Ryan Coogler’s Rocky revamp Creed surprised everyone in 2015 by being the best series entry since the first Rocky. Like the best films in the series, Creed was an underdog with everything to prove. But as craggy Italian Stallion asks Donny in this new instalment, when the underdog becomes the champ, where is there to go? It’s a problem that the original Rocky sequels always ran into, manufacturing reasons to get the eponymous back into the ring with increasingly silly dividends. Creed II‘s first act threatens to fall into the same trap, especially with the return of Rocky IV’s Ivan Drago (Dolph Lundgren), the most cartoonish of Rocky’s old nemeses.
Director Steven Caple Jr. steps into Coogler’s shoes well, occupying the same gritty world but drawn on a larger, broader canvas. The soundtrack, employed so rousingly in Coogler’s entry, is not quite beat-perfect here, but visually the film fares better, with cinematographer Kramer Morgenthau crafting some lovely compositions. Using the negative space of a mirror, the film’s opening scene signals one character’s accession over another and there are some impressive underwater training sequences, hinting at Donny’s unresolved inner conflict. Meanwhile, the film finds new ways to keep the boxing fresh, visceral and brutal.
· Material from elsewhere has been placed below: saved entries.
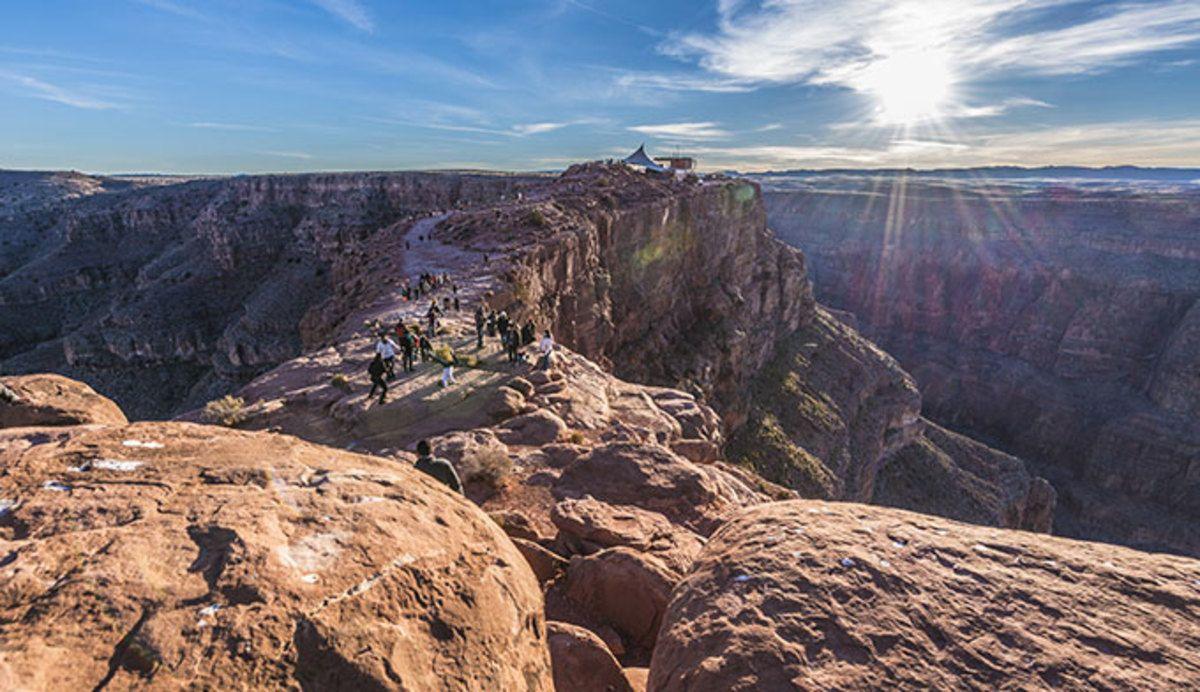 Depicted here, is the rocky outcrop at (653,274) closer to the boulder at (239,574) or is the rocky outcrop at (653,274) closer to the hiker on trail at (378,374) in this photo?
the hiker on trail at (378,374)

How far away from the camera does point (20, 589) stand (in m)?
2.98

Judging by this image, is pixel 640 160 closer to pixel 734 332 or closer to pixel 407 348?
pixel 734 332

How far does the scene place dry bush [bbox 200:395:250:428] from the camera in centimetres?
1215

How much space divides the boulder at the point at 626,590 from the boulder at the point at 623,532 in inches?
23.6

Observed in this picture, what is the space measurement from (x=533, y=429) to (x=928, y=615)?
8.85 meters

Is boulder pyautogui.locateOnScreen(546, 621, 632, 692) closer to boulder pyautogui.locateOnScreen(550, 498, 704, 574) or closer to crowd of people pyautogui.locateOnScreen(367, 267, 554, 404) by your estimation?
boulder pyautogui.locateOnScreen(550, 498, 704, 574)

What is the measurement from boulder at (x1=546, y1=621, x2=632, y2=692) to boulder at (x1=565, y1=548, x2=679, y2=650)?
114 centimetres

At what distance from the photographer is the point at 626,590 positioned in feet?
22.2

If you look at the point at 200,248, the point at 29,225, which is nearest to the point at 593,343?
the point at 200,248

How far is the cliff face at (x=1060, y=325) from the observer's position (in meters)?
65.0

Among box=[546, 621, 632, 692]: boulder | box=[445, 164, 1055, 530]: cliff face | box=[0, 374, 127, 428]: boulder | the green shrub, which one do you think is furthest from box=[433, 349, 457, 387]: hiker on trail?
the green shrub

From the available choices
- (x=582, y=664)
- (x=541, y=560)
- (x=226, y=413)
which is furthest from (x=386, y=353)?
(x=582, y=664)

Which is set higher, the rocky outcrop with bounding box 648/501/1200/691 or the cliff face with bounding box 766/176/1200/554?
the rocky outcrop with bounding box 648/501/1200/691

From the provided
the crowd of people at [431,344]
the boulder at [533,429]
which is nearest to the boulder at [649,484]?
the boulder at [533,429] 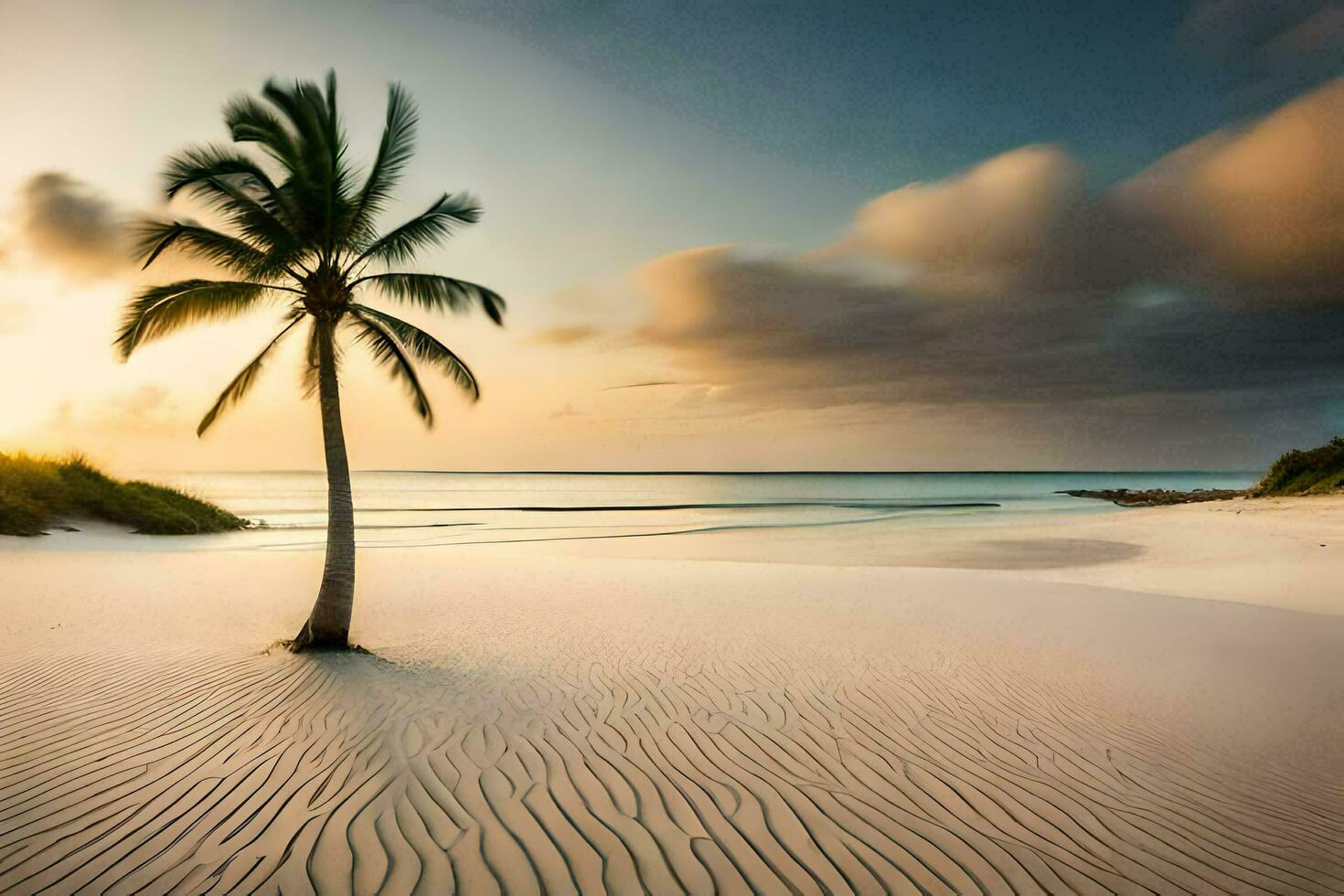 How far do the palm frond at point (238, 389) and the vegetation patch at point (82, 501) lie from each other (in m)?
17.6

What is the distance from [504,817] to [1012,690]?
622 cm

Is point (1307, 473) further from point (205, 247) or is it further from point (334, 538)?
point (205, 247)

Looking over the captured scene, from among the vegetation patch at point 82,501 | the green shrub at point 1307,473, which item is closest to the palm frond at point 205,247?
the vegetation patch at point 82,501

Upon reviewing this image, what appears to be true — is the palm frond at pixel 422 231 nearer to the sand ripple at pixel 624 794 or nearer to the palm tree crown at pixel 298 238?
the palm tree crown at pixel 298 238

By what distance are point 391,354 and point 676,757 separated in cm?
818

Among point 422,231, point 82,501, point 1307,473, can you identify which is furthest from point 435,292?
point 1307,473

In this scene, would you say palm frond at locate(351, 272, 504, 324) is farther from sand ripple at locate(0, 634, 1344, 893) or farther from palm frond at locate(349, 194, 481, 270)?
sand ripple at locate(0, 634, 1344, 893)

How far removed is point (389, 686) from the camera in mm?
7812

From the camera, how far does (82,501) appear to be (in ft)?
84.0

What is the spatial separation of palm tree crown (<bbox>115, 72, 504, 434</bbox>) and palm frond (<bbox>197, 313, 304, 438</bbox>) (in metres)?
0.02

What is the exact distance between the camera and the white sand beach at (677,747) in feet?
13.1

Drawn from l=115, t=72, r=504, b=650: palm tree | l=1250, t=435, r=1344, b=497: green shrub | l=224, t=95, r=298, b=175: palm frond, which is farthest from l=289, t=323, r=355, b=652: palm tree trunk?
l=1250, t=435, r=1344, b=497: green shrub

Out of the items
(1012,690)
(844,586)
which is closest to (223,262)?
(1012,690)

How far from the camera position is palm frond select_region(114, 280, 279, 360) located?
9289 millimetres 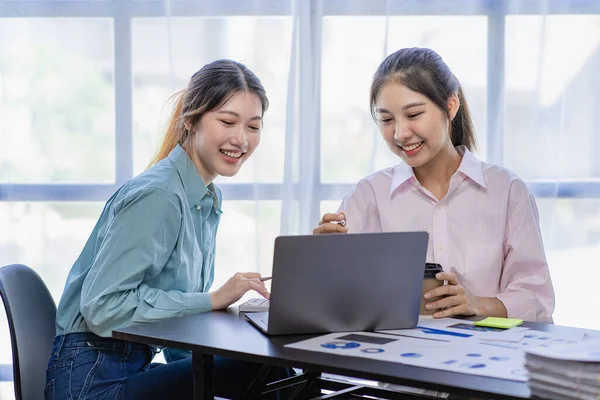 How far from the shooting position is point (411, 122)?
1.95 meters

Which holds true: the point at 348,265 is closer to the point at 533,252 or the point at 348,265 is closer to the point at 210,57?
the point at 533,252

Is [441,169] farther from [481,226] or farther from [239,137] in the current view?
[239,137]

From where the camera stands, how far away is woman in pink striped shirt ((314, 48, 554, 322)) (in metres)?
1.94

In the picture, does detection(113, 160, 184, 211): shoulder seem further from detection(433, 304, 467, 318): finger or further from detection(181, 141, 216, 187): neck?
detection(433, 304, 467, 318): finger

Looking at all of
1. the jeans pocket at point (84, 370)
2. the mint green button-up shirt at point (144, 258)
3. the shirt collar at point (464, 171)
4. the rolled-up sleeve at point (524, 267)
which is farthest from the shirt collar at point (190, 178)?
the rolled-up sleeve at point (524, 267)

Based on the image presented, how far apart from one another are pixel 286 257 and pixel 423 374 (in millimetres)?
338

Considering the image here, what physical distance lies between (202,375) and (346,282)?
305 millimetres

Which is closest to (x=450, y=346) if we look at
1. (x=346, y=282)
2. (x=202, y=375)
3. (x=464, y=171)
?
(x=346, y=282)

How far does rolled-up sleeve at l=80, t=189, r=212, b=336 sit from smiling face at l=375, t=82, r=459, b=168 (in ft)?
2.00

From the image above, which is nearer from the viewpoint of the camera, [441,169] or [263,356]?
[263,356]

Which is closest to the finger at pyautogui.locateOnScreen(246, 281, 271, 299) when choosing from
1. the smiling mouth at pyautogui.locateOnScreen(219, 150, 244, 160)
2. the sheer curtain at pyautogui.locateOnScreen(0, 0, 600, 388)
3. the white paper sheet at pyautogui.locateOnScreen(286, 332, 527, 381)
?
the white paper sheet at pyautogui.locateOnScreen(286, 332, 527, 381)

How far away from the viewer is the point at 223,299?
5.58 ft

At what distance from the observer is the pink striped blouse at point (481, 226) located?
193cm

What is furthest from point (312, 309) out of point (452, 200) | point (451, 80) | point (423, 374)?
point (451, 80) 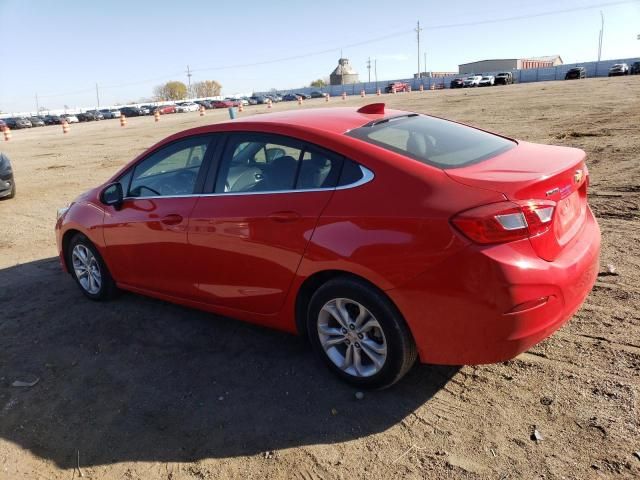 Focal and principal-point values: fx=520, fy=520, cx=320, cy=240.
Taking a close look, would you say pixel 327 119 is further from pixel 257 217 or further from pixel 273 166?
pixel 257 217

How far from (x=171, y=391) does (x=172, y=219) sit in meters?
1.26

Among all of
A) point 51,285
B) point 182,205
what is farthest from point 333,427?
point 51,285

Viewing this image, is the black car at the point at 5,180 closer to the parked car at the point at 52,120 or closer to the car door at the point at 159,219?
the car door at the point at 159,219

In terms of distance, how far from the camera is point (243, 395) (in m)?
3.34

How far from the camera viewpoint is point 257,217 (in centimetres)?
338

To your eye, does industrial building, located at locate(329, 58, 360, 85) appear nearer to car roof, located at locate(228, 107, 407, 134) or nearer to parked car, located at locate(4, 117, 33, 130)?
parked car, located at locate(4, 117, 33, 130)

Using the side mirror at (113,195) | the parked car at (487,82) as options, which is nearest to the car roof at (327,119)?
the side mirror at (113,195)

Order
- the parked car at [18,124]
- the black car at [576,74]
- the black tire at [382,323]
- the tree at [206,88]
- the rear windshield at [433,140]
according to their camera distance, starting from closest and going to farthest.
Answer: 1. the black tire at [382,323]
2. the rear windshield at [433,140]
3. the parked car at [18,124]
4. the black car at [576,74]
5. the tree at [206,88]

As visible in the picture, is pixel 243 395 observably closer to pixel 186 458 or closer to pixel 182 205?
pixel 186 458

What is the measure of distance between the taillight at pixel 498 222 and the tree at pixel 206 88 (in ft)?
555

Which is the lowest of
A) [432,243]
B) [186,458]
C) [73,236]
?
[186,458]

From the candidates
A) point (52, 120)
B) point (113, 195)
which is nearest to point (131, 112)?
point (52, 120)

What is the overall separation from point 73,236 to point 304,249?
3070mm

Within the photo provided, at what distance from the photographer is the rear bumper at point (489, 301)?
259 centimetres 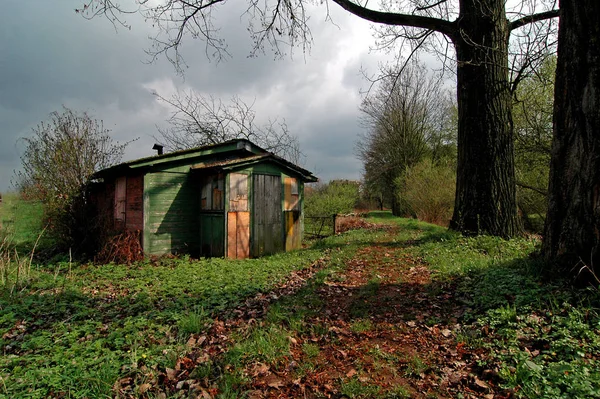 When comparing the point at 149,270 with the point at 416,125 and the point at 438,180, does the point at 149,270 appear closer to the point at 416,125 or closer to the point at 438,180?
the point at 438,180

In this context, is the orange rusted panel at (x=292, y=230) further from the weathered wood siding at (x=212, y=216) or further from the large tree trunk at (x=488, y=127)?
the large tree trunk at (x=488, y=127)

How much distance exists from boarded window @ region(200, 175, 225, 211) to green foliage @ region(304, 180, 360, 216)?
446 inches

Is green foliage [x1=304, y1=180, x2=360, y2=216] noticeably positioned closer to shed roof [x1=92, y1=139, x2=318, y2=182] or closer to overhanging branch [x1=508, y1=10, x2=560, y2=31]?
shed roof [x1=92, y1=139, x2=318, y2=182]

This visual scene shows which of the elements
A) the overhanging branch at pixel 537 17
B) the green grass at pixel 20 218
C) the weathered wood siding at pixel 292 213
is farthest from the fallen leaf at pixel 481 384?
the green grass at pixel 20 218

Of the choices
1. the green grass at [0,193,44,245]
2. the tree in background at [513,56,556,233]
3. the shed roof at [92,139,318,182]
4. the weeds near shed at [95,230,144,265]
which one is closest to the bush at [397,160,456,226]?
the tree in background at [513,56,556,233]

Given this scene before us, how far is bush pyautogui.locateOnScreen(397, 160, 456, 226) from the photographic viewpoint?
60.8 ft

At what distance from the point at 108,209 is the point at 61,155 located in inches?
89.8

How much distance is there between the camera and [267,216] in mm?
10906

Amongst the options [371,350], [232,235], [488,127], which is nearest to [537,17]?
[488,127]

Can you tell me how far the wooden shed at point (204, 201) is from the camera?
32.1 ft

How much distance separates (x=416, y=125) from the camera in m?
27.6

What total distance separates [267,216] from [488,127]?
734 centimetres

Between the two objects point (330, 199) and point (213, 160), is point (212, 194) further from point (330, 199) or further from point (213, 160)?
point (330, 199)

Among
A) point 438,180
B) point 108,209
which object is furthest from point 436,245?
point 438,180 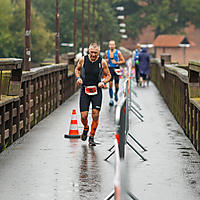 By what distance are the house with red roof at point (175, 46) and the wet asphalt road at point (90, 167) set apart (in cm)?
9688

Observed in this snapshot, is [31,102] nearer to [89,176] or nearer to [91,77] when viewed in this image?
[91,77]

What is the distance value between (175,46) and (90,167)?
10375 cm

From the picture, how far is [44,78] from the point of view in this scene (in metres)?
18.4

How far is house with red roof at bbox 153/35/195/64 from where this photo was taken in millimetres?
112375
Creed II is neither as assured nor as rousing as its predecessor, but it has a secret weapon up its boxing gloves, and that is to embrace the daftest elements of the series while simultaneously finding the heart that drives every good Rocky film. The result is a surprisingly meditative affair about reconciling with the ghosts of the past. The film’s second act in particular slows the action in favour of family drama. Consequently, both Donny and Viktor must examine their personal motivations for fighting, interrogating the toxic macho discourses that routinely underpin the series.
Indeed, one of the film’s best elements is Drago Jr. A towering goliath standing a ludicrous foot and a half above Donny, his effect is less the Soviet Terminator of his father and more a wounded puppy, driven not by nationalism but by the vulnerable need for approval and reconciliation with his father. When Donny loses his cool at their first weigh-in, Viktor doesn’t retaliate but instead glances fearfully at his father, unsure of how to react. Meanwhile, Donny must contend with his own motivations for boxing while pulling himself together enough to support fiancée Bianca (Tessa Thompson), whose music career has a finite lifespan due to her failing hearing.
When it transpires that their new daughter may be deaf, the film deploys one of Rocky’s trademark speeches when he tells Creed to stop wallowing in self-pity, because his daughter sure as hell isn’t feeling sorry for herself. But unlike Stallone’s habitual bellowing, this is one of the film’s quietest, most powerful moments, a world away from boxing and macho posturing. Rocky has always lived and died on its direct, unsubtle sincerity. It’s in these heartfelt moments where Creed II flies, underpinning its thoughtful climax and one of the series’ most surprisingly moving endings.